Un vote « identitaire » selon l’enquête VOX
Hasard du calendrier, cette conférence s’est déroulée le lendemain de la publication des résultats de l’enquête VOX sur les votations du 9 février. Ce décryptage, réalisé par l’Université de Genève pour le compte de gfs.bern, a permis de recadrer quelque peu le débat et tuer dans l’œuf certaines idées reçues. Bien qu’il faille évidemment se garder de tirer des conclusions hâtives sur la base d’un échantillon de 1511 individus, l’enquête révèle néanmoins un certain nombre de tendances : effet de la campagne précédant le vote, malaise ressenti par la population face à l’augmentation objective de l’immigration, affrontement idéologique entre droite et gauche, affrontement identitaire également entre deux conceptions antagonistes de l’identité suisse, mobilisation inhabituelle des catégories les moins privilégiées en termes de revenu, de niveau d’éducation et de situation économique et, enfin, vote de protestation contre les autorités.
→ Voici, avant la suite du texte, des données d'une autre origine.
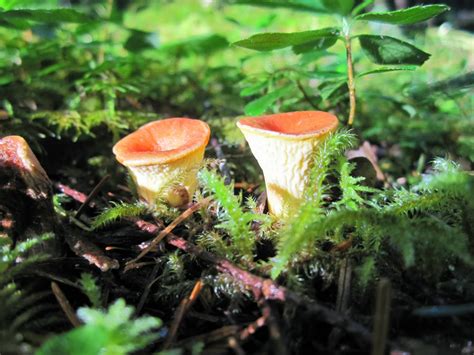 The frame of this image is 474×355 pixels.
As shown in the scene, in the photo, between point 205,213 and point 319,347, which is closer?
point 319,347

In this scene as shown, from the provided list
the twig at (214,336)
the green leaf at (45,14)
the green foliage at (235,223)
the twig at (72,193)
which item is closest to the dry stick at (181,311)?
the twig at (214,336)

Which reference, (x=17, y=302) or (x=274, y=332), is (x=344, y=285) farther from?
(x=17, y=302)

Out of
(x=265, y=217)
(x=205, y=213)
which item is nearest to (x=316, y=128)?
(x=265, y=217)

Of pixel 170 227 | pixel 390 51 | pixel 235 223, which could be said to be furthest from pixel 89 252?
pixel 390 51

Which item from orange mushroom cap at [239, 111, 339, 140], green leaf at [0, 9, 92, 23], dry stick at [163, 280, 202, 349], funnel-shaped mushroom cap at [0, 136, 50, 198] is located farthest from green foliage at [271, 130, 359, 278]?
green leaf at [0, 9, 92, 23]

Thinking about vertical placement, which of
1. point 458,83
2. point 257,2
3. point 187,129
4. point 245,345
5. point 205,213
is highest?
point 257,2

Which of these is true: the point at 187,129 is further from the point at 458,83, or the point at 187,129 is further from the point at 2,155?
the point at 458,83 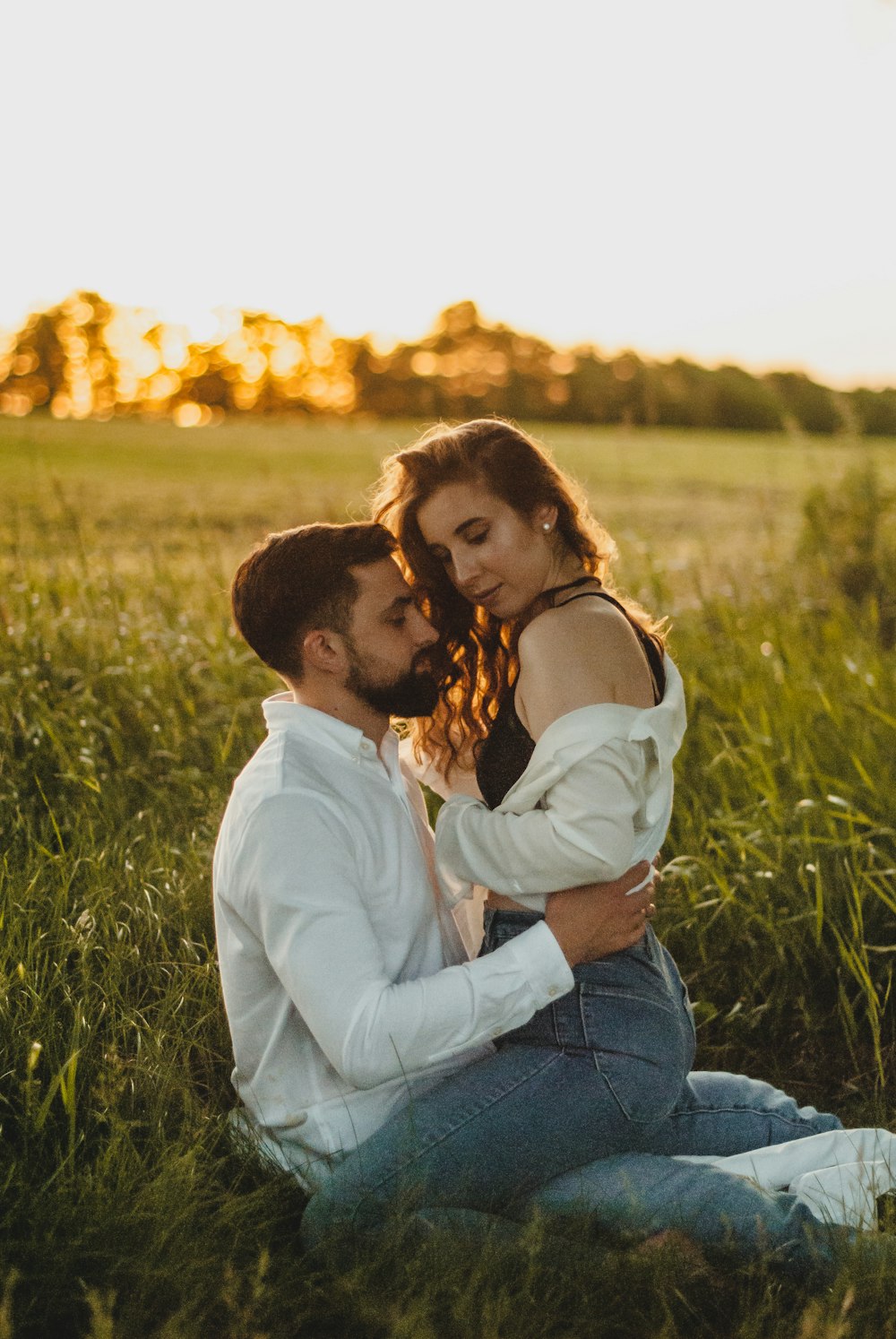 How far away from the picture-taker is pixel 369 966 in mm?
2336

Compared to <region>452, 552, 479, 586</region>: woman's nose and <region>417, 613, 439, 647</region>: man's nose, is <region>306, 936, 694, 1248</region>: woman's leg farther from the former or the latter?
<region>452, 552, 479, 586</region>: woman's nose

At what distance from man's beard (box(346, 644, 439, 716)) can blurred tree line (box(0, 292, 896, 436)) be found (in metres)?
25.8

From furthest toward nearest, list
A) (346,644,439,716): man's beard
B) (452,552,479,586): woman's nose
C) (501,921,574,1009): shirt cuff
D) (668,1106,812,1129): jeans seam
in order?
(668,1106,812,1129): jeans seam, (452,552,479,586): woman's nose, (346,644,439,716): man's beard, (501,921,574,1009): shirt cuff

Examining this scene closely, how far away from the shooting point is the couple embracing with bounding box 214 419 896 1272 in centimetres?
238

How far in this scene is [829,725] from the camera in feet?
15.3

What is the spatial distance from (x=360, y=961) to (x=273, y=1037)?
0.31 meters

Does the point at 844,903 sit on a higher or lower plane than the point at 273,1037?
lower

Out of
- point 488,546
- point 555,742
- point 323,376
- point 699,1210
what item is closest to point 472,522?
point 488,546

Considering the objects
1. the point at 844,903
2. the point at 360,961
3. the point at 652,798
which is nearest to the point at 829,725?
the point at 844,903

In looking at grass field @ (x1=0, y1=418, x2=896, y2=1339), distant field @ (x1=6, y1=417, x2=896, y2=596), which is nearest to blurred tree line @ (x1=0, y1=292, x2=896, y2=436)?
distant field @ (x1=6, y1=417, x2=896, y2=596)

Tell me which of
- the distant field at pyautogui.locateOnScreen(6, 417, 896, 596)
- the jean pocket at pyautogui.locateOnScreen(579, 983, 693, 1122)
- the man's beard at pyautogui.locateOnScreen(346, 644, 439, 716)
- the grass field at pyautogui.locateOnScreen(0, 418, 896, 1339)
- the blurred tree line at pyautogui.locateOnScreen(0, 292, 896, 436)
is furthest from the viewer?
the blurred tree line at pyautogui.locateOnScreen(0, 292, 896, 436)

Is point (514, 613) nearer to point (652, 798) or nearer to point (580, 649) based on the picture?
point (580, 649)

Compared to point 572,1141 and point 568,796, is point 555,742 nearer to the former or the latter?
point 568,796

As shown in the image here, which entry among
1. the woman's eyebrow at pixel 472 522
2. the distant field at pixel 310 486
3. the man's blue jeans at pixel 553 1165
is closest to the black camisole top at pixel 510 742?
the woman's eyebrow at pixel 472 522
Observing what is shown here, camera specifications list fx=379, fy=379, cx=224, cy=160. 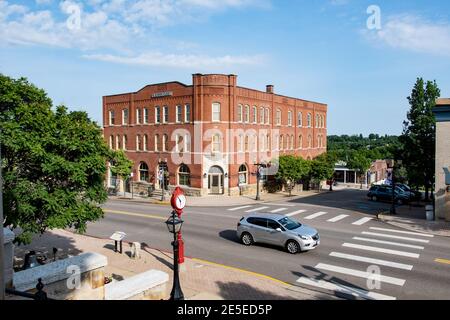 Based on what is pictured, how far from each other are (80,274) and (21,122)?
462 cm

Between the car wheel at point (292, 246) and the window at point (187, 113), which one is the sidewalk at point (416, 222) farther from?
the window at point (187, 113)

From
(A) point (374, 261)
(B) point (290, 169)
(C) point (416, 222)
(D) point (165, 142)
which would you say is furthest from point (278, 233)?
(D) point (165, 142)

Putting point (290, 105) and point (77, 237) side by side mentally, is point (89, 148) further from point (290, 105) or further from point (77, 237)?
point (290, 105)

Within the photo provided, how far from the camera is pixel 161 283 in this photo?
9.26 metres

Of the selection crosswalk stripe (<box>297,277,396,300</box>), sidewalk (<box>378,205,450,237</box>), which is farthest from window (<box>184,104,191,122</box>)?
crosswalk stripe (<box>297,277,396,300</box>)

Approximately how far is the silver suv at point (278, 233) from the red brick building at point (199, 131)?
20.9 metres

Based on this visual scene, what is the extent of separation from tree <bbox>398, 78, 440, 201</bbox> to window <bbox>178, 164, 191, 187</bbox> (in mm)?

Autre enseignement du sondage VOX, souligné vendredi par Pascal Sciarini qui a participé à l’enquête: les Suisses ont voté en pleine connaissance de cause ! Dans le camp du « oui » à l’initiative UDC, les votants assument complètement le fait de mettre en péril les accords bilatéraux si cela doit être le prix à payer pour contrôler l’immigration. À ce sujet, le politologue genevois décrit le 9 février comme un « vote identitaire », puisque plus d’un tiers des sondés (35%) ayant accepté la fameuse initiative se justifie par le fait d’être contre l’immigration par principe et souligne qu’il y a déjà trop d’étrangers en Suisse. De plus, ils sont 17% à considérer que la Suisse doit gérer toute seule son immigration. Pour les phrases bateau du type « le peuple n’était pas bien informé » ou « les citoyens ayant glissé leur bulletin dans l’urne n’ont pas pensé aux conséquences de ce vote », on repassera…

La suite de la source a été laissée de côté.